*Instructions for the task*. Copy exactly the lines from the start of the material through the line with "Módulo de sensor". Pictures stay out of the copy.
(Material shown)
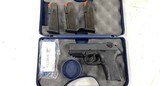 Beretta PX4 Storm Compact 9mm w/ 3 mags 9mm Langdon Edition JXC9GEL - 1 of 11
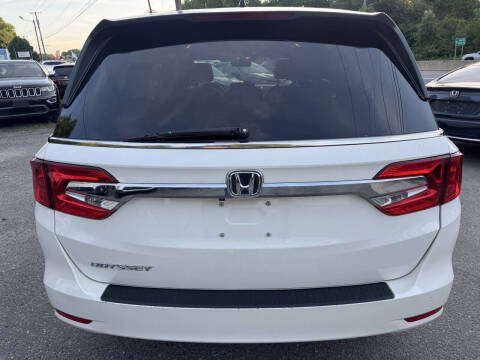 2019 Honda Odyssey EX-L
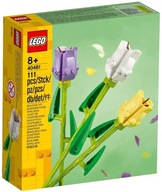 LEGO 40461 Tulipány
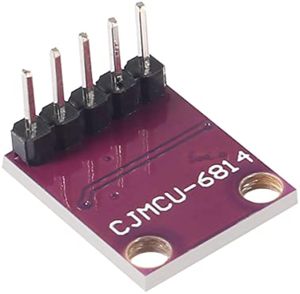 Módulo de sensor numérico de detección de calidad del aire AIsmartlink Sensor de gas de MICS-6814 para Arduino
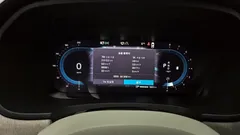 2023 Volvo S90 B6 AWD Ultimate Bright, серый — фото 8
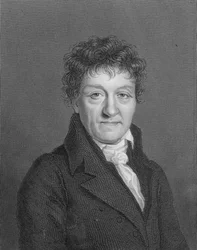 ラザール・ニコラ・マルグリット・カルノーの肖像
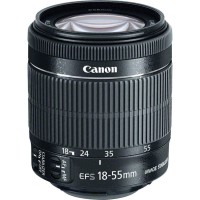Объектив Canon EF-S 18-55mm f/4.0-5.6 IS STM OEM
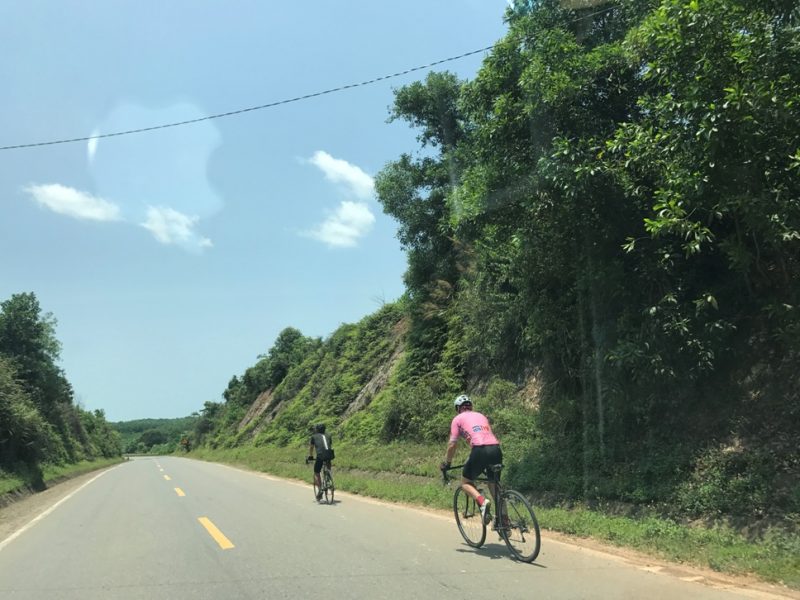 road cycling vietnam
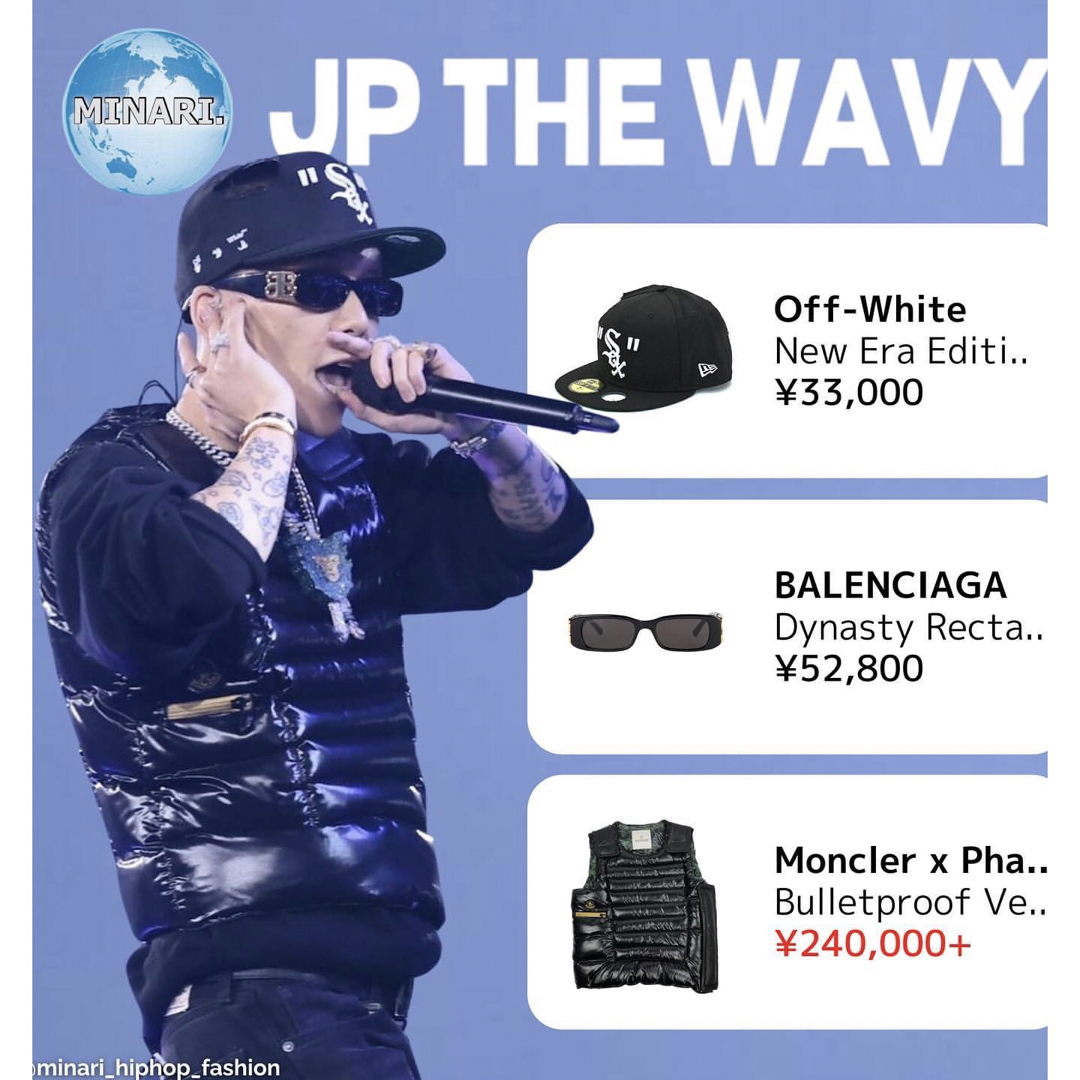 MONCLER(モンクレール)のpharrell モンクレール　ファレル　moncler ルイヴィトン　nigo メンズのジャケット/アウター(ダウンベスト)の商品写真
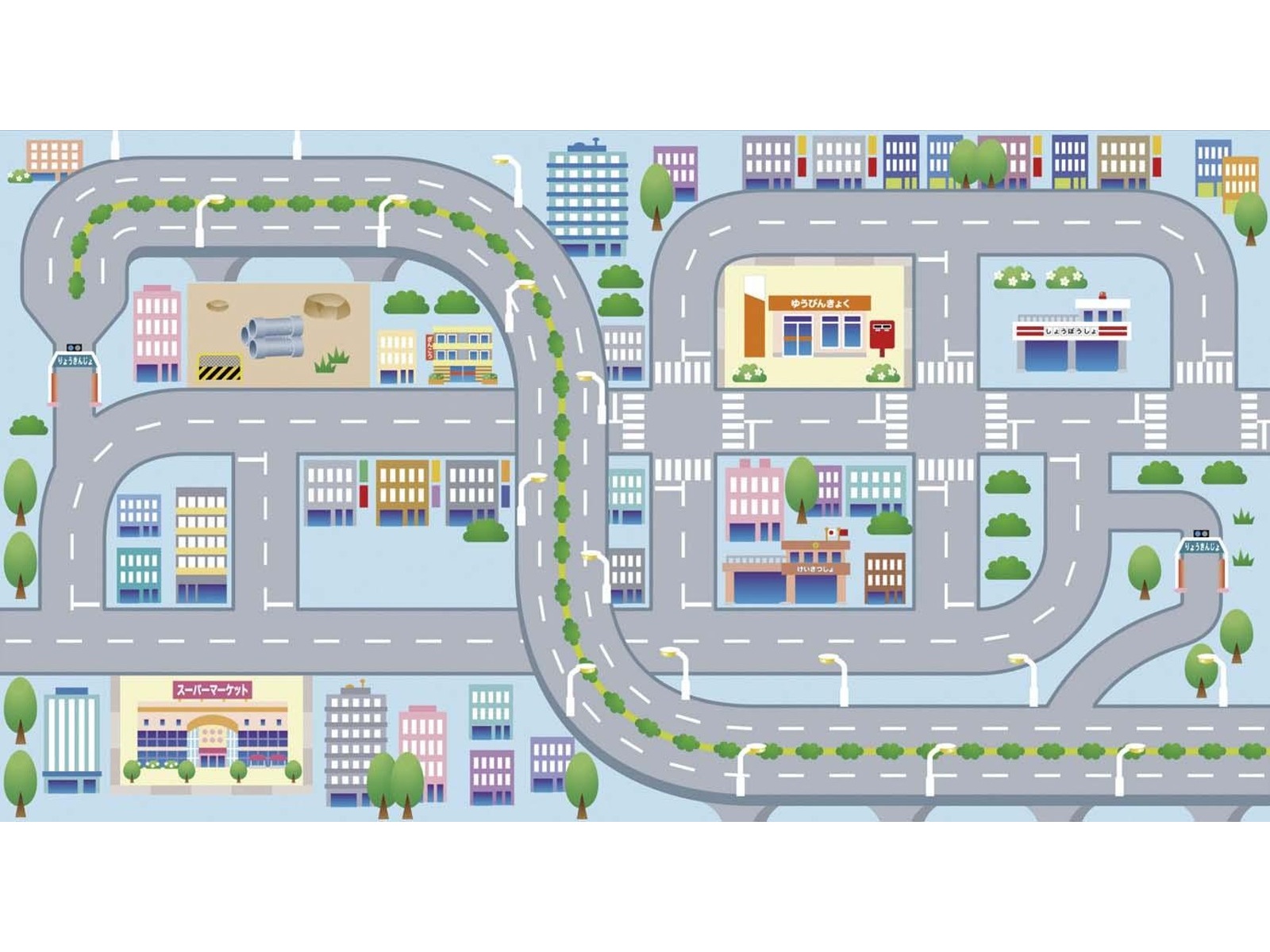 永岡書店 トミカマグネットBOOK 1冊| コープこうべネット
(End Material shown)
*Final answer*.
 Beretta PX4 Storm Compact 9mm w/ 3 mags 9mm Langdon Edition JXC9GEL - 1 of 11
 2019 Honda Odyssey EX-L
 LEGO 40461 Tulipány
 Módulo de sensor numérico de detección de calidad del aire AIsmartlink Sensor de gas de MICS-6814 para Arduino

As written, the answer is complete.